Making the decision to compete
I am frequently asked about the right time to enter a woman in her first meet. There is no right answer to this and is highly dependent on the personality and expectations of the individual. I strongly believe that having a concrete goal to focus on provides motivation, increases adherence and yields personal reward including a boost in self-confidence. Some women are comfortable competing very early on in their lifting careers. They want to step out there and see what they can do much like a recreational runner entering a local 5K. It's more about getting out there and following through with a goal then the actual numbers. The meet is also a fabulous place to show off strength, skill and hard work to friends and family. As a full time strength coach, I encourage my young novice female lifters to enter a meet within their first 3 to 6 months of training. I find that it maintains focus and excitement. On the other hand, I often wait longer to put my older female clients in meets. Not to generalize but it has been my experience that the older women are less comfortable putting themselves out there in a competitive setting with an audience. There are always exceptions. Additionally, many lifters will never compete. I never push anyone that does not want to. If I believe that they would enjoy it I ask them to come to one meet as a spectator and then another as a volunteer before signing up to compete. Initially women seem to be less concerned with the numbers that they put up or how they stack up to the rest of the competition as compared to men. Most women that are new to the sport just want to not look silly or be embarrassed the first time. This changes as a female lifter matures in her career.
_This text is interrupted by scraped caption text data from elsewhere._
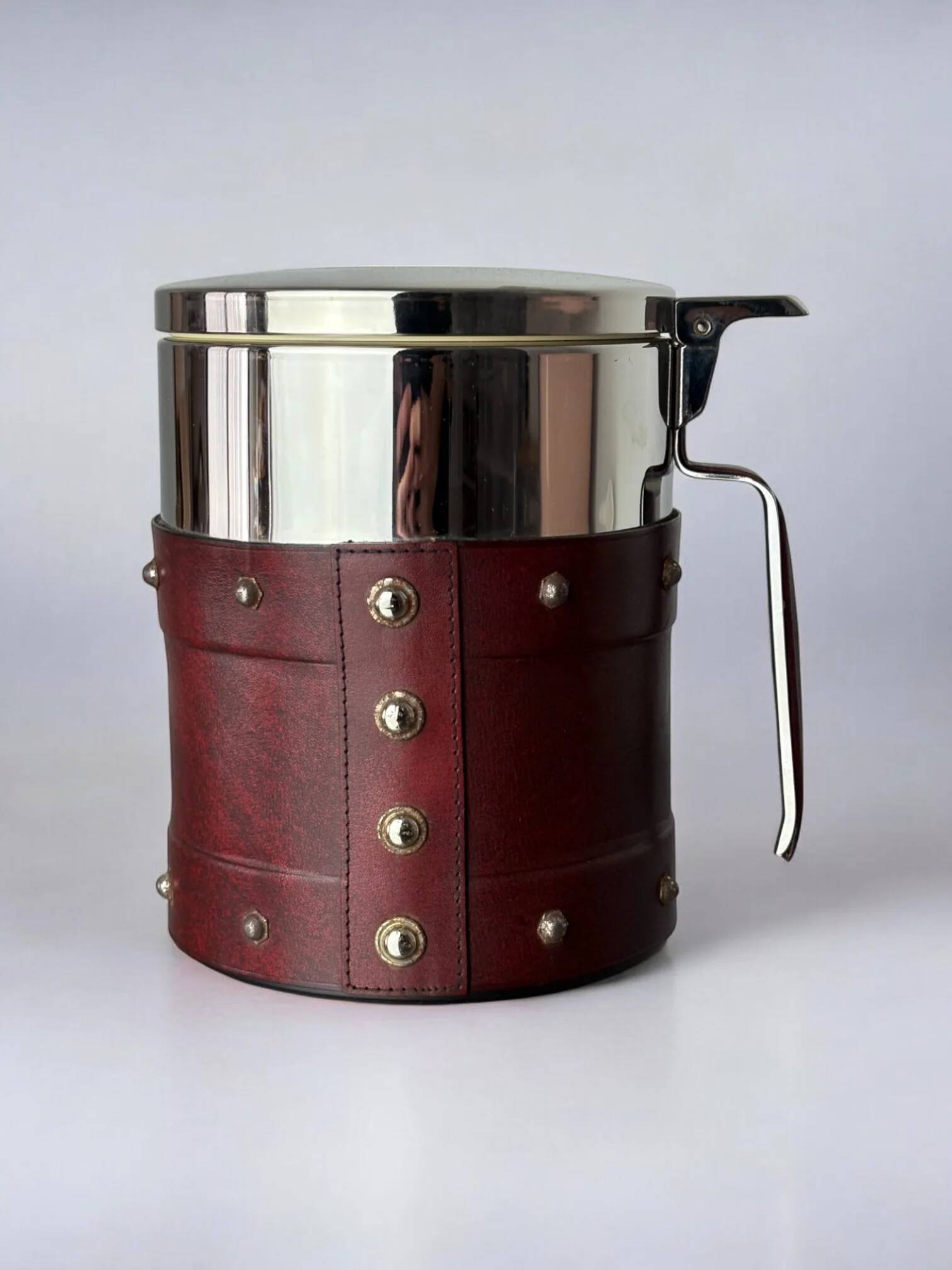 Regency leather & nails ice bucket, Italy, 1970s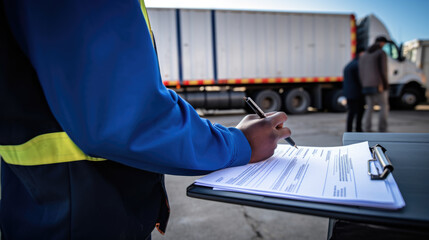 Close-up of a person's hand holding a pen and writing on a clipboard, wearing a safety reflective vest, with a delivery vehicle in the background.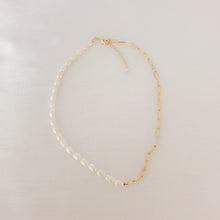 Load image into Gallery viewer, Paperclip/Pearls Necklace

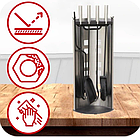 Камінний комплект San Marino Maripoli — щітка, совок, щипці та корчга, фото 5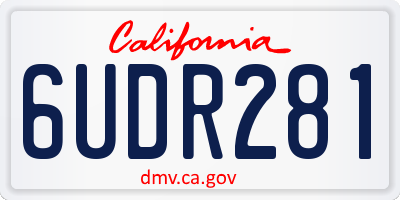 CA license plate 6UDR281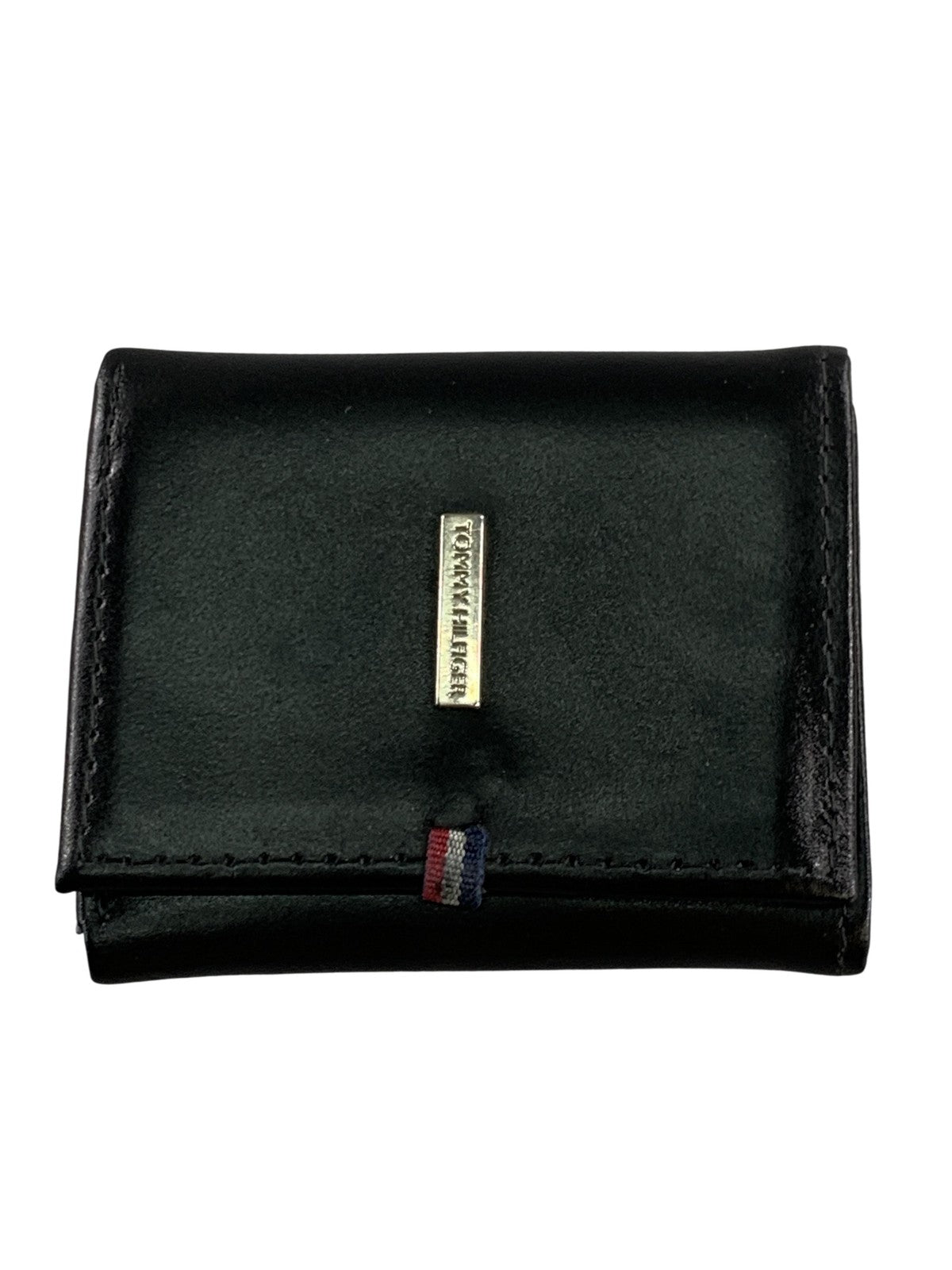 Tommy Hilfiger Wallet Mens Black Leather Trifold ID Window Logo Plaque Card Case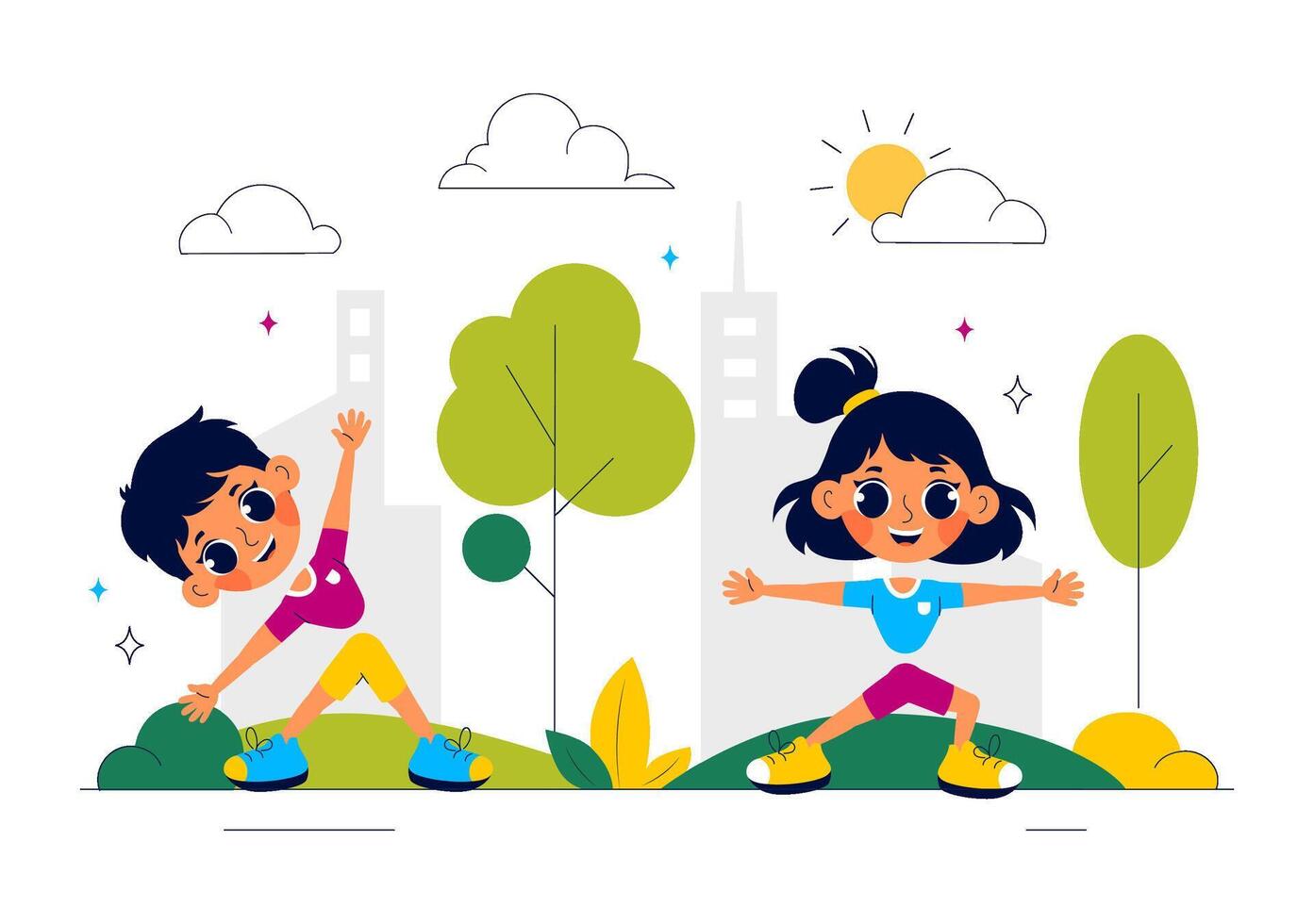 Kids playing outside in a city vector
When is the right time to choose a meet?
A novice lifter can prep in as little as 8 weeks for a meet. The further along a woman is in her training the further in advance a meet should be planned for. This is due to rate of adaptation and gains. A new lifter can PR lifts from training session to training session. An advanced lifter such as myself peaks three or less times a years as gains have slowed down. My recommendation for a first time lifter is to choose a meet 8-12 weeks in advance. This is a period of time that most people can wrap their heads around when it comes to sticking to a goal. It is also a chunk of time that you can look at on a calendar and see what obstacles are in the way. For a beginner, I have her look at the calendar as we select a meet and let her know that she must commit to hitting a minimum of 80% of the workouts in the weeks leading up to the meet. Basically, if it's a 10-week prep and she is traveling or absent for one reason or another for more than 2 weeks of it the timing is poor. Please bear in mind that I am speaking about a novice lifter. It would be unacceptable for a high level advanced lifter to have training interruption of that nature.
What meet to choose?
Some people are very partial to federation. The things that I like to look at for a novice are entry costs, size of the meet, proximity to the home/gym and comfort of the venue and warm-up area. I am the SPF state chair of North Carolina and hold four powerlifting meets a year at my gym so this one is a no brainer for my athletes. If I were in a different position, I would enter my athletes in the smallest, closest, least expensive meets. I look for a low intimidation factor and a meet that will be over in a half a day. There are many highs and lows in a powerlifting meet and the long days are physically and mentally exhausting. I understand that in addition to novice lifters I am dealing with novice spectators that are unaware of the "joys" of a powerlifting meet. Anyone that has ever sat through (or smelled) a powerlifting meet understands this.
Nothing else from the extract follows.